Collected data
——————
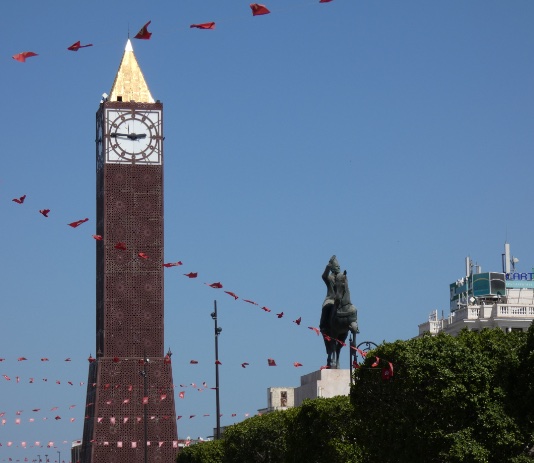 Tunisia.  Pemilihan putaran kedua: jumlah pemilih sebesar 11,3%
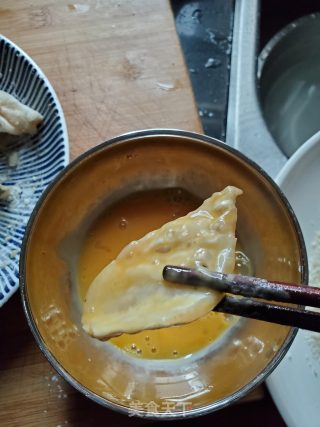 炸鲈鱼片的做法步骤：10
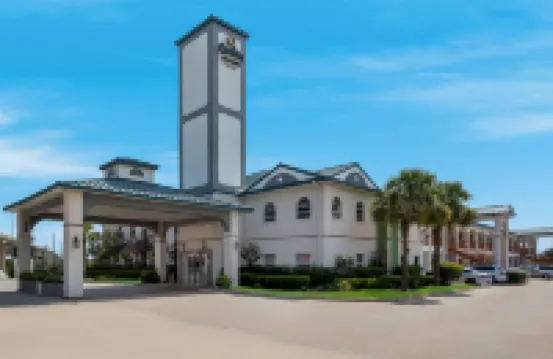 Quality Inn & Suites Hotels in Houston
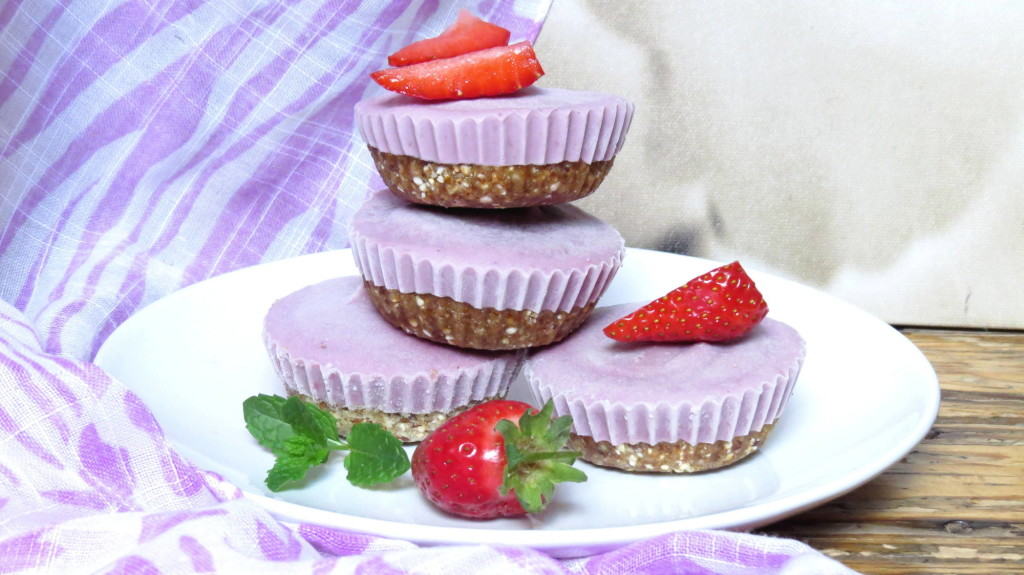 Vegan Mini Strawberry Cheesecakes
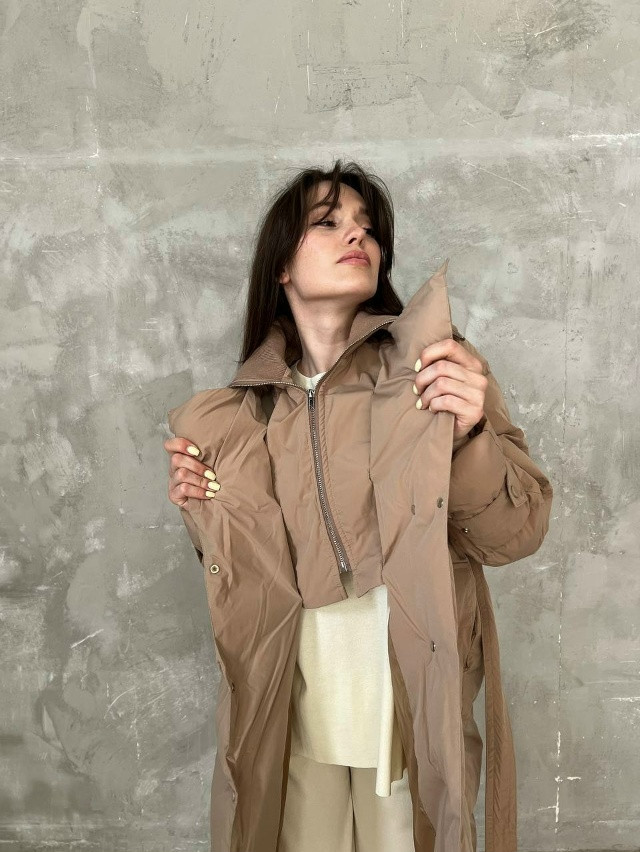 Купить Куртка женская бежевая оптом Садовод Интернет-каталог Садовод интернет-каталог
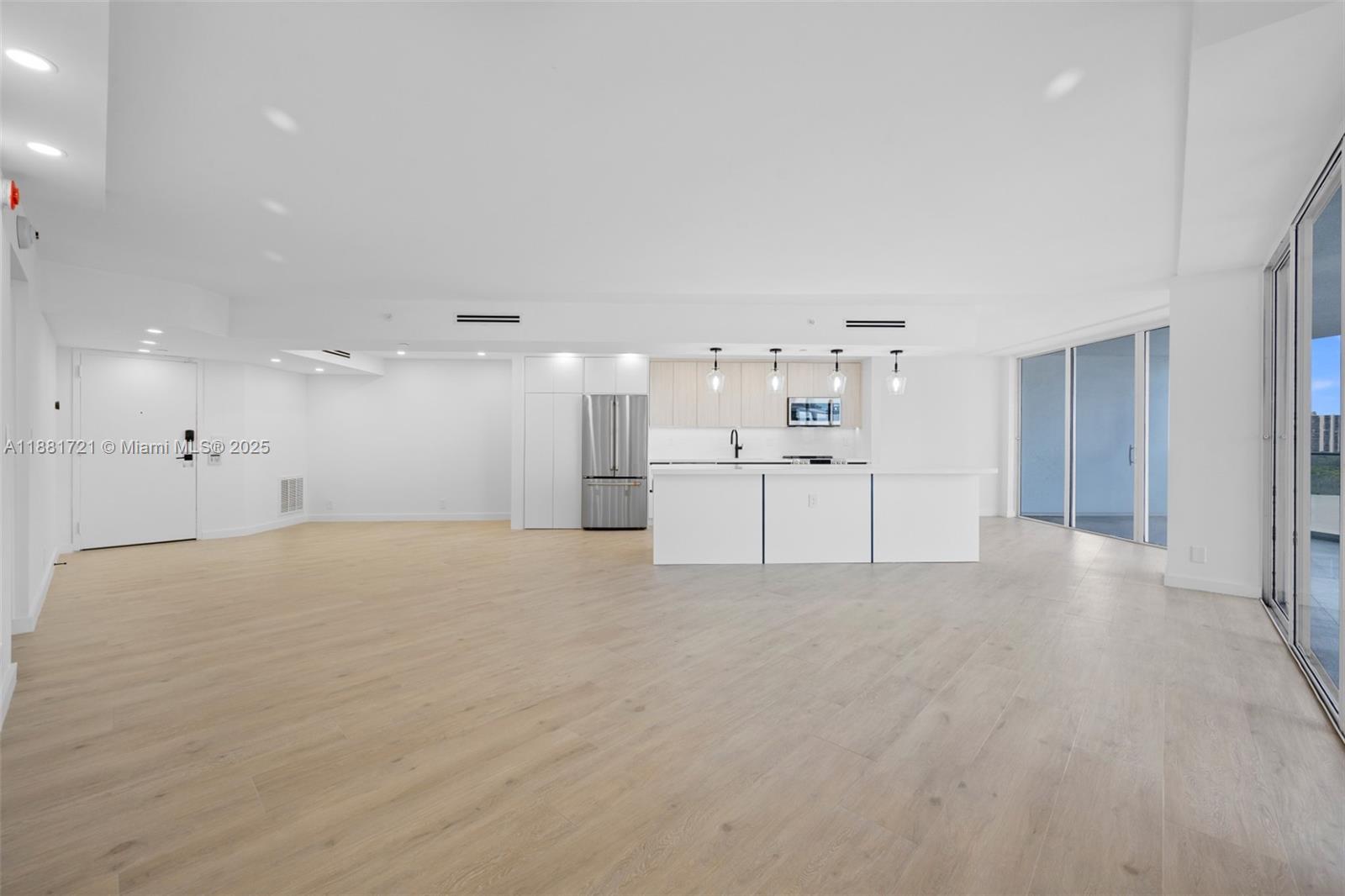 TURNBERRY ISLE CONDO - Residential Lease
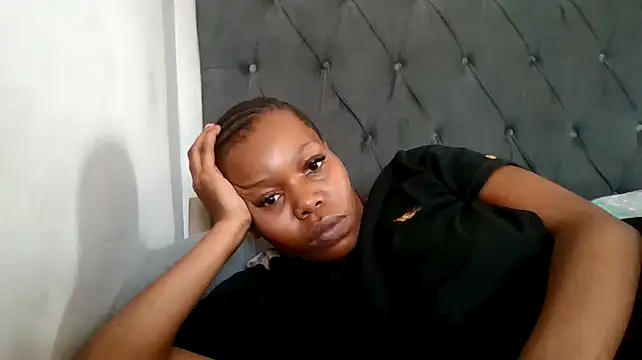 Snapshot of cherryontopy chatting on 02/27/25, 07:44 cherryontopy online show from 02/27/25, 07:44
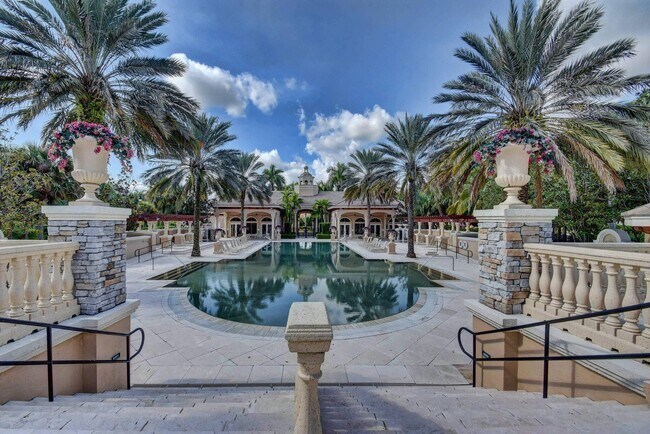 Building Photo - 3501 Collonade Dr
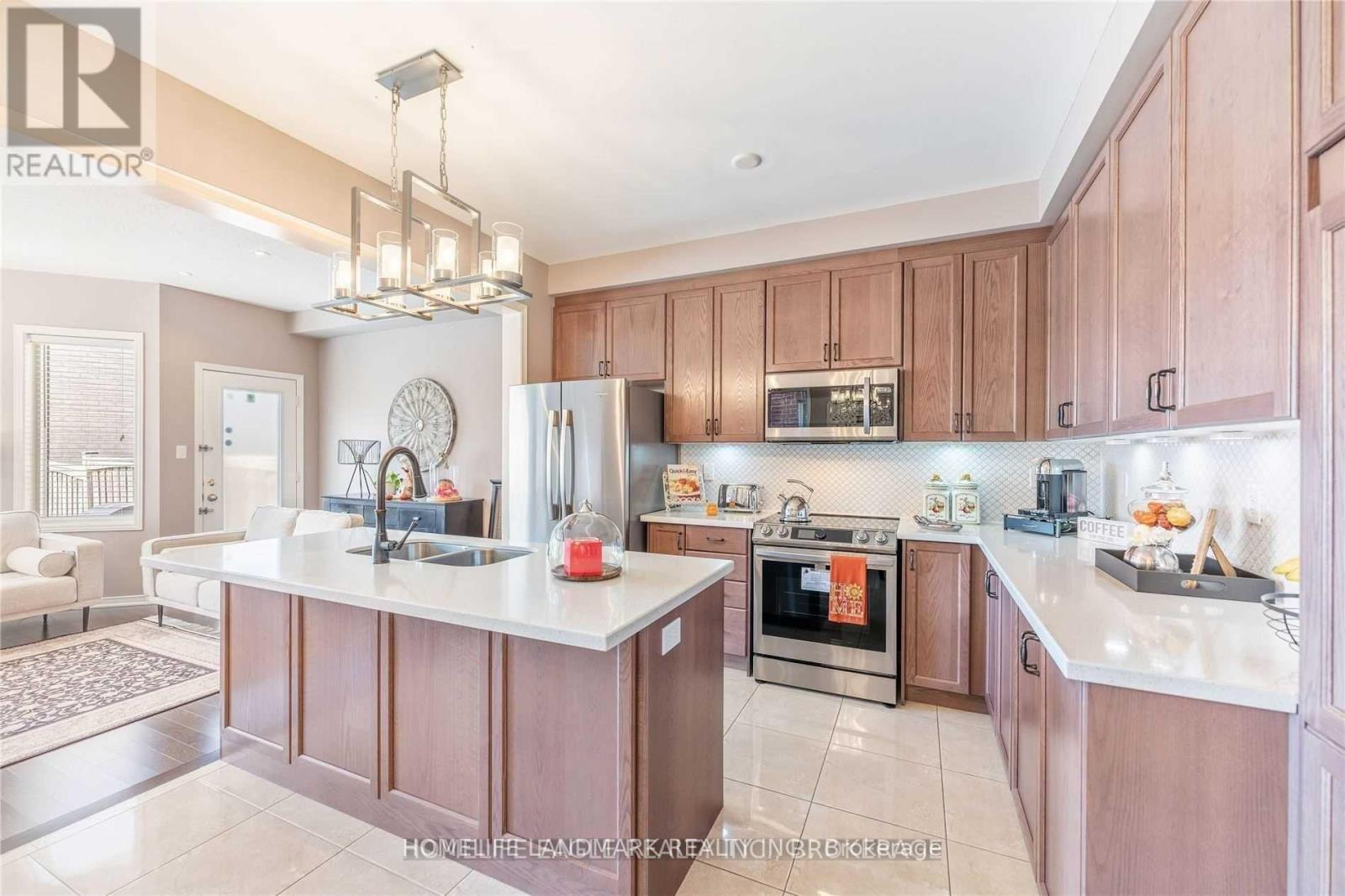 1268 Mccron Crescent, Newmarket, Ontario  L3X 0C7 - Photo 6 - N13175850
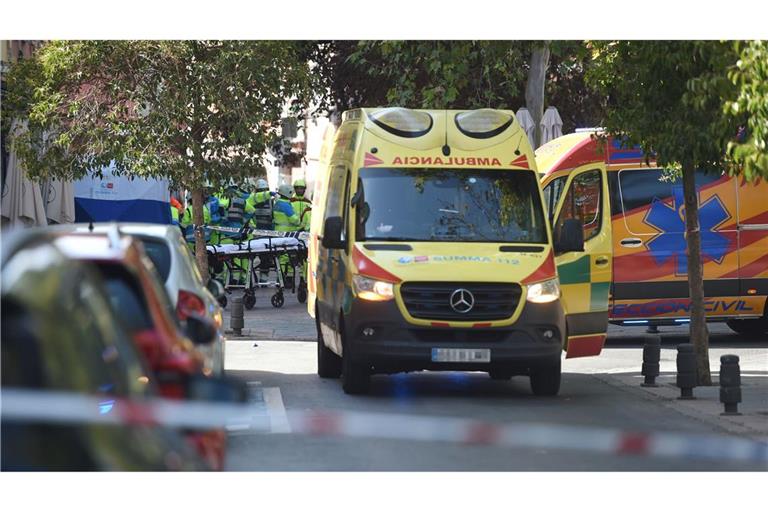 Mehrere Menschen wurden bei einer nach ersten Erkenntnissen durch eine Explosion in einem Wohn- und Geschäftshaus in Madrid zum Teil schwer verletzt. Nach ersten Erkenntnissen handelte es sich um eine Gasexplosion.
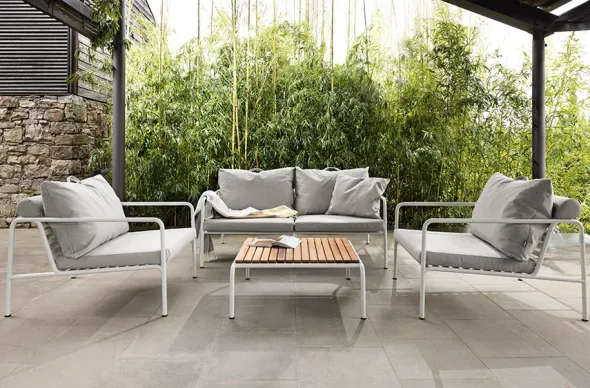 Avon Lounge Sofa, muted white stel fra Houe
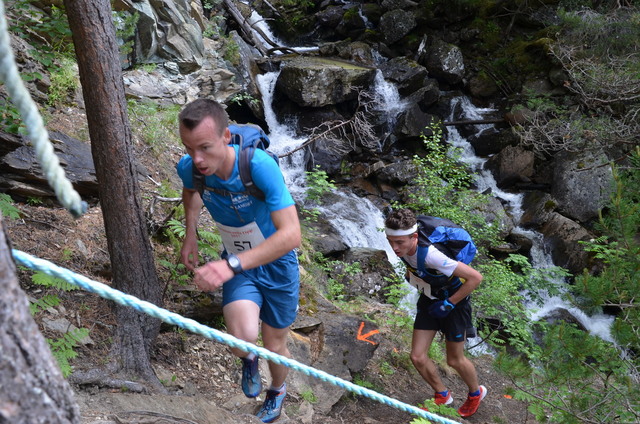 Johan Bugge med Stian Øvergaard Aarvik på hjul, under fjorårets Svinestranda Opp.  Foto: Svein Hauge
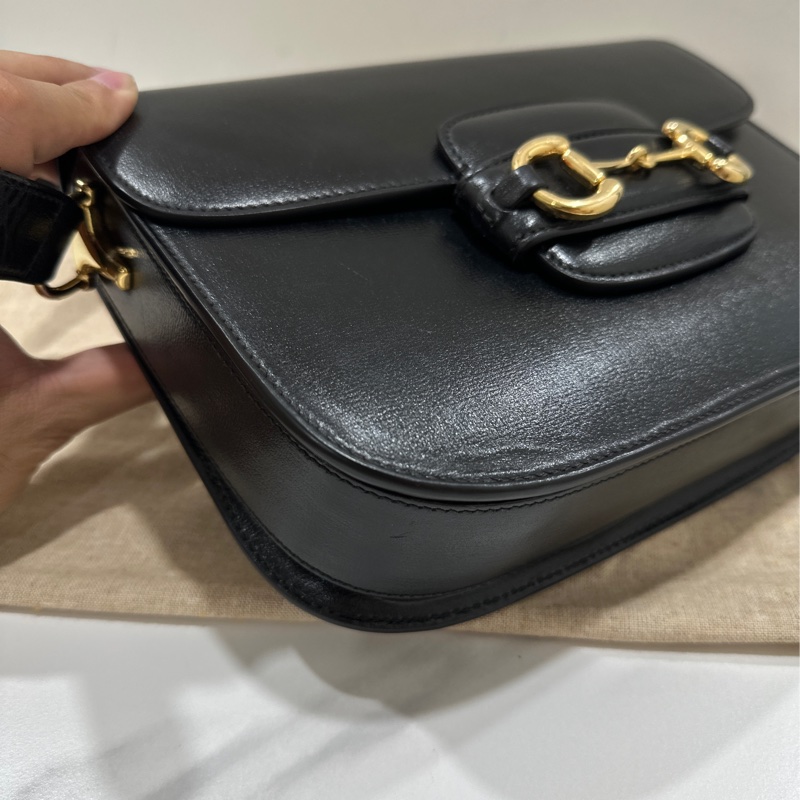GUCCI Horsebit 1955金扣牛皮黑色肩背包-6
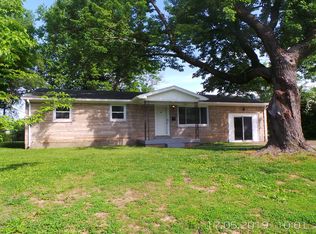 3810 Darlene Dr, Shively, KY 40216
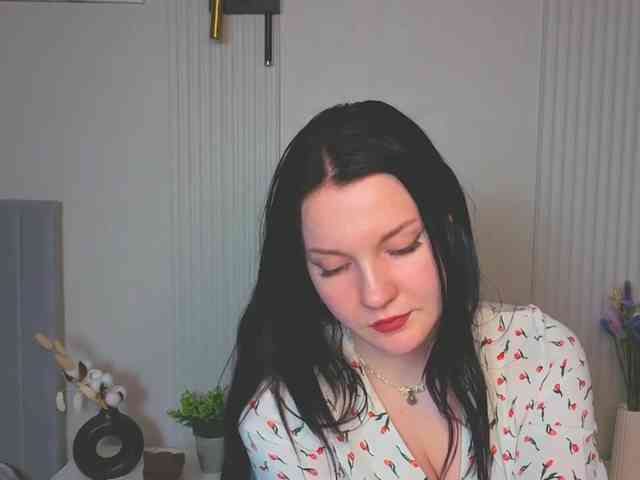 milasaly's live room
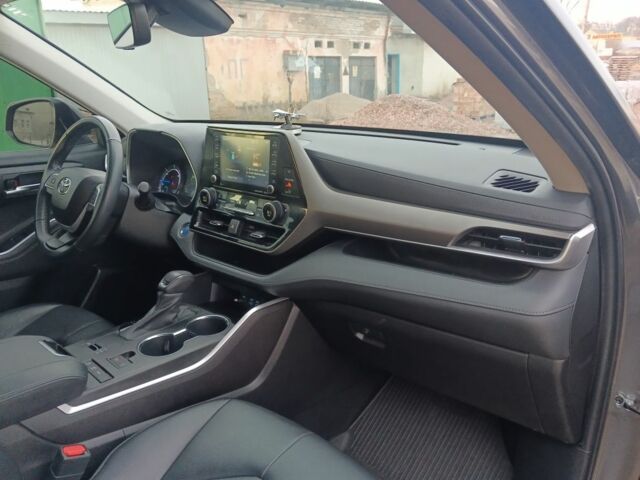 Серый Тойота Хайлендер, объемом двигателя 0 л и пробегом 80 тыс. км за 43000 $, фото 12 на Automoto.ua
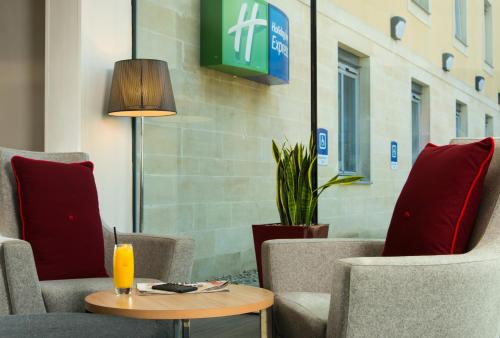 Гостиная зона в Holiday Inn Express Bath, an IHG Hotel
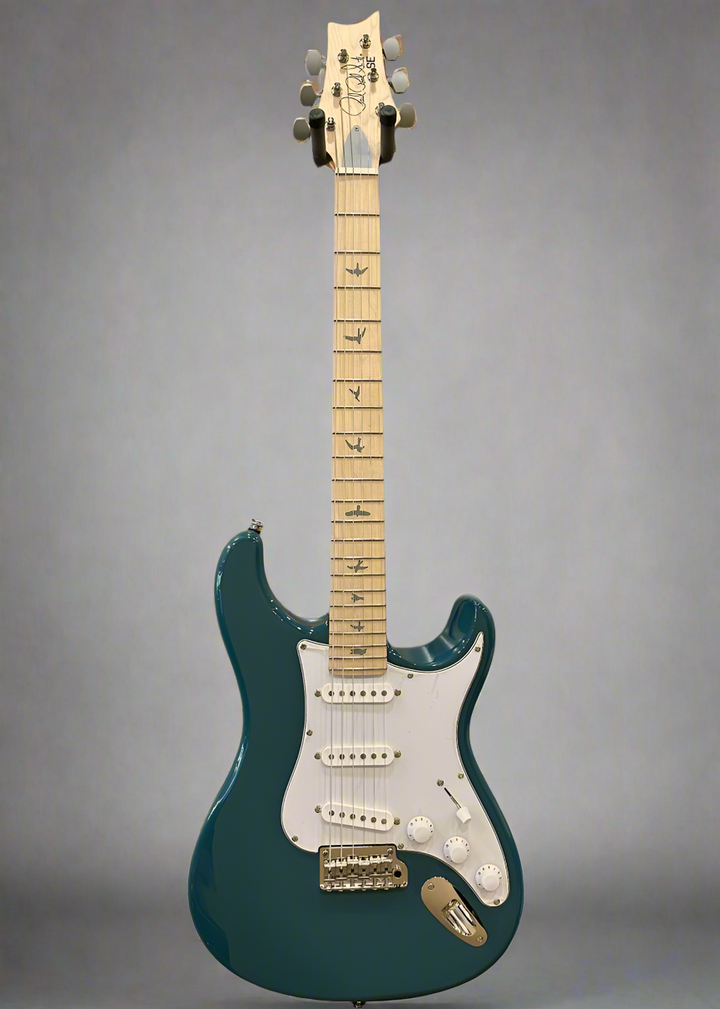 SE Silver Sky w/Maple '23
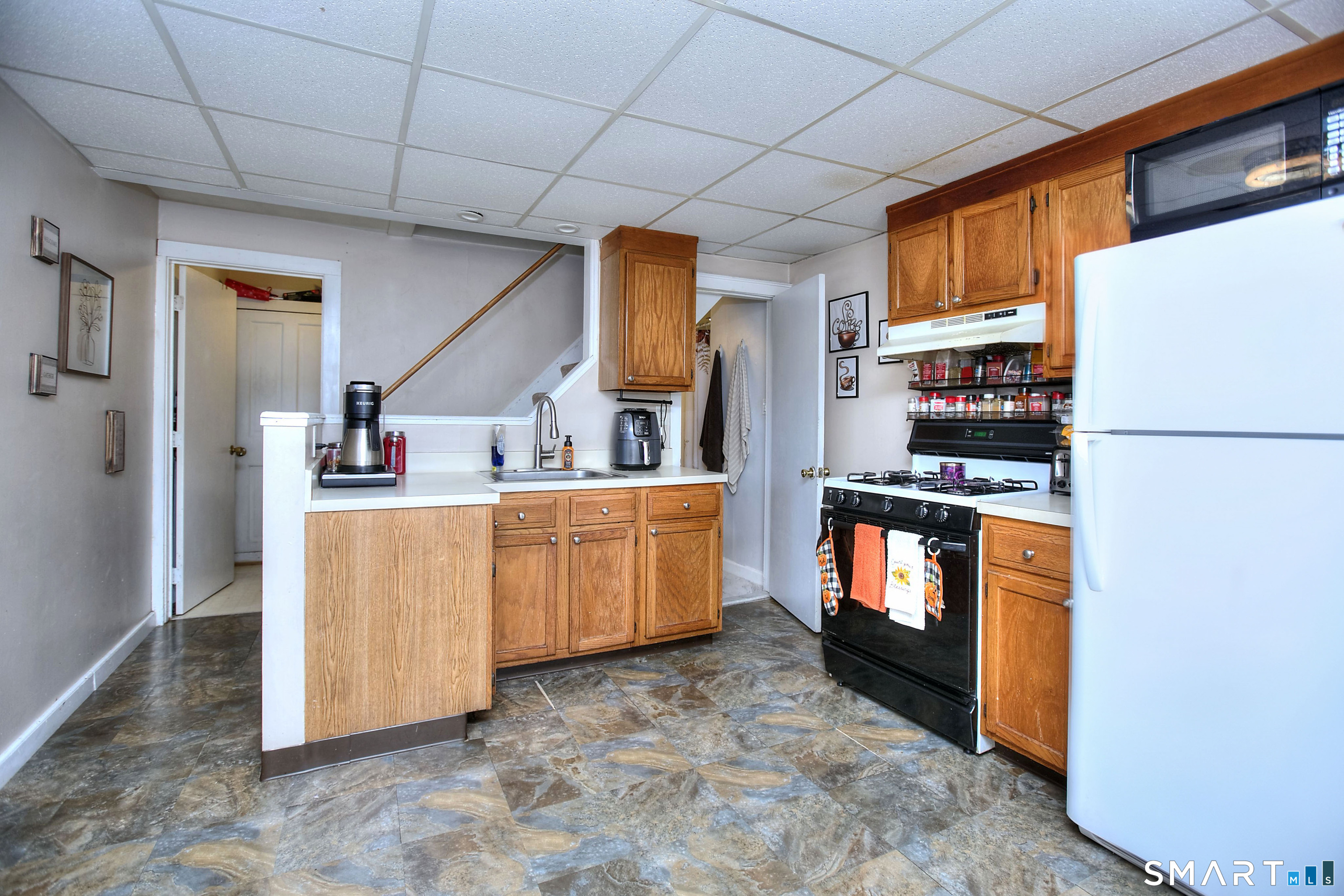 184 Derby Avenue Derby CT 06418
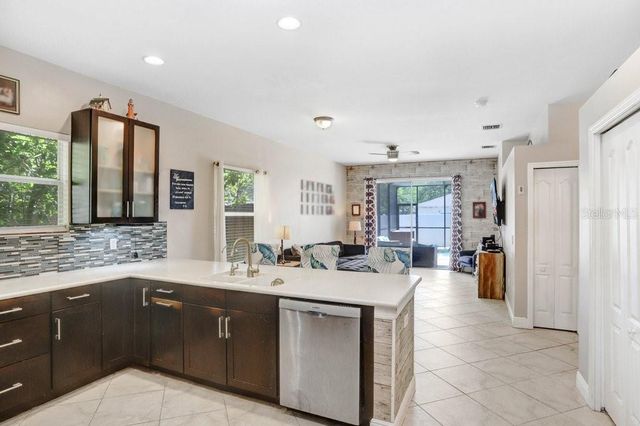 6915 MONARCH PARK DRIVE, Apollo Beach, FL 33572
——————
The answer must be an exact transcription of the lines from the one containing "Snapshot of cherryontopy" through the last line of the records above, both included, with no pictures.

 Snapshot of cherryontopy chatting on 02/27/25, 07:44 cherryontopy online show from 02/27/25, 07:44
 Building Photo - 3501 Collonade Dr
 1268 Mccron Crescent, Newmarket, Ontario  L3X 0C7 - Photo 6 - N13175850
 Mehrere Menschen wurden bei einer nach ersten Erkenntnissen durch eine Explosion in einem Wohn- und Geschäftshaus in Madrid zum Teil schwer verletzt. Nach ersten Erkenntnissen handelte es sich um eine Gasexplosion.
 Avon Lounge Sofa, muted white stel fra Houe
 Johan Bugge med Stian Øvergaard Aarvik på hjul, under fjorårets Svinestranda Opp.  Foto: Svein Hauge
GUCCI Horsebit 1955金扣牛皮黑色肩背包-6
 3810 Darlene Dr, Shively, KY 40216
 milasaly's live room
 Серый Тойота Хайлендер, объемом двигателя 0 л и пробегом 80 тыс. км за 43000 $, фото 12 на Automoto.ua
 Гостиная зона в Holiday Inn Express Bath, an IHG Hotel
 SE Silver Sky w/Maple '23
 184 Derby Avenue Derby CT 06418
 6915 MONARCH PARK DRIVE, Apollo Beach, FL 33572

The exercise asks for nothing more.